Anne and Samantha Day, which takes place twice a year on the summer and winter solstices, is dedicated to Anne Frank and Samantha Smith. The day was created to put Anne and Samantha on a U.S. postage stamp, in order to honor them for the positive influence they have had on American schoolchildren in the twentieth and twenty-first centuries, and to acknowledge that while both girls faced difficult situations, they contributed to improving the world, by staying hopeful for peace between nations.

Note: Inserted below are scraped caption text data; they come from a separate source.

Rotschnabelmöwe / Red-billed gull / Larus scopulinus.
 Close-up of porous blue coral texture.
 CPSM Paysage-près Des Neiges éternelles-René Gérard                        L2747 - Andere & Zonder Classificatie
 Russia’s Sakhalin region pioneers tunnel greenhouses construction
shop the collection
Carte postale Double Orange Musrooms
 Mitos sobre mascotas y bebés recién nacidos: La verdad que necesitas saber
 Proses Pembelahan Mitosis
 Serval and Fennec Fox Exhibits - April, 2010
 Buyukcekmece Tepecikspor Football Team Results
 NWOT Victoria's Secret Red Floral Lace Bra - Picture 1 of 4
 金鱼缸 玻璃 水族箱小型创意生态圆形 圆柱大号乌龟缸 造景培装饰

Many write to The Citizens' Stamp Advisory Committee on the day, urging them to consider putting the two girls on postage stamps. The current goal is to have the Samantha Smith stamp debut on June 29, 2022, on what would have been her fiftieth birthday, and to have the Anne Frank stamp debut on June 12, 2029, on what would have been her one-hundredth birthday. There are various criteria that must be met for a subject to be considered to be put on a postage stamp. The subject must be American or American-related, or must have had a "significant impact on American history, culture or environment." The subject also must have "widespread national appeal." Writers to the Committee must persuade them that Samantha and Anne meet these criteria. Smith has previously been honored on a stamp in the Soviet Union, and Frank has been honored on stamps in Germany, the Netherlands, and Israel.

Samantha Smith, who became known as "America's youngest goodwill ambassador," was born on June 29, 1972, and grew up in Manchester, Maine. She wrote to Soviet leader Yuri Andropov in November of 1982, asking him if he was going to start a nuclear war with the United States. "Are you going to vote to have a war or not?" she pressed. Soon afterward, she learned that excerpts of her letter had been published in Pravda, a Russian newspaper. She wondered why she hadn't gotten a response back, and why her questions hadn't been answered.

Smith wrote a follow-up letter addressed to the Soviet Ambassador to the United States, Anatoly Dobrynin, and mailed it to the Soviet embassy in Washington D.C. This time she received a letter from Andropov shortly thereafter, on April 26, 1983. Andropov wrote of how he did not wish to start a war, and he invited Smith and her family to visit the Soviet Union that summer.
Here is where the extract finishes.